[Start of section]

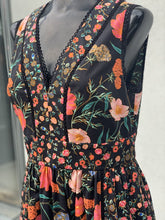 Load image into Gallery viewer, Kate Spade floral dress 10
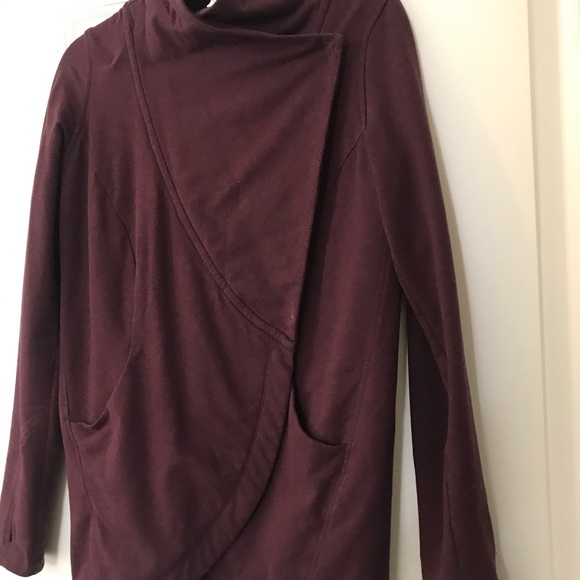 🍋 Lululemon like new wrap jacket - Picture 2 of 3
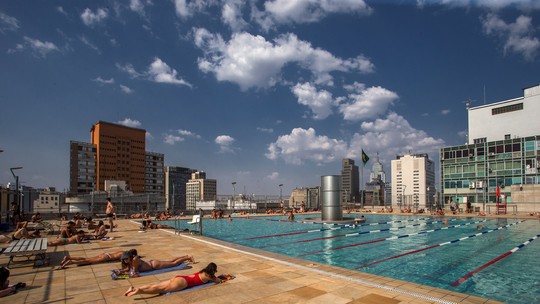 Paulistanos aproveitam parques e piscinas da cidade em dia de calorão e verão fora de época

[End of section]

* Work required *
Exact lines, nothing more: output the one with "Picture 2 of 3" and every later line through the end of the data, skipping pictures.

* Solution below *
 🍋 Lululemon like new wrap jacket - Picture 2 of 3
 Paulistanos aproveitam parques e piscinas da cidade em dia de calorão e verão fora de época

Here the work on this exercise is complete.